_Exercise_
Exact reproduction required: the lines below from the line with "DANA 10W40 1 LITRO" to the line with "Catalytic Converter for", both ends included, and no others.

---------- Data for analysis

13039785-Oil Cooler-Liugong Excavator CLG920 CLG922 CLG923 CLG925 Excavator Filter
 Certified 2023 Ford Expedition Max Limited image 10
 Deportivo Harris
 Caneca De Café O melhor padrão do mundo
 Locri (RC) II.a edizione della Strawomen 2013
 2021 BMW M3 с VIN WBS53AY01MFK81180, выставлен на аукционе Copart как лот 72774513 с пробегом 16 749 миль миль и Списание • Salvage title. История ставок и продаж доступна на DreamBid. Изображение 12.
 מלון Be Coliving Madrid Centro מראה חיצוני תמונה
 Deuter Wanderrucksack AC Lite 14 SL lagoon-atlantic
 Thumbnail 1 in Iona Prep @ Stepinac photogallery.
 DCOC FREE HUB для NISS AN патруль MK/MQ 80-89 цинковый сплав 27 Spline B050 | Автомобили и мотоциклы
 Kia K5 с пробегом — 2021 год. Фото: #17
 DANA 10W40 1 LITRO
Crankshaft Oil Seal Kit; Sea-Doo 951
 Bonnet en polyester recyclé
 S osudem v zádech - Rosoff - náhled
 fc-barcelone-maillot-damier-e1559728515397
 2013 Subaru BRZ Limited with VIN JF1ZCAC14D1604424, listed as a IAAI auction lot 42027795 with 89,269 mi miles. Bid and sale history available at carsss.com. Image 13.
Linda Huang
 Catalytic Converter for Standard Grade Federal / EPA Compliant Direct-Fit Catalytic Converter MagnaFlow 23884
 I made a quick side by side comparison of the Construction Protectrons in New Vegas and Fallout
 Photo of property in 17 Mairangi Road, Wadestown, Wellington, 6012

--------------------

_Your response_
 DANA 10W40 1 LITRO
Crankshaft Oil Seal Kit; Sea-Doo 951
 Bonnet en polyester recyclé
 S osudem v zádech - Rosoff - náhled
 fc-barcelone-maillot-damier-e1559728515397
 2013 Subaru BRZ Limited with VIN JF1ZCAC14D1604424, listed as a IAAI auction lot 42027795 with 89,269 mi miles. Bid and sale history available at carsss.com. Image 13.
Linda Huang
 Catalytic Converter for Standard Grade Federal / EPA Compliant Direct-Fit Catalytic Converter MagnaFlow 23884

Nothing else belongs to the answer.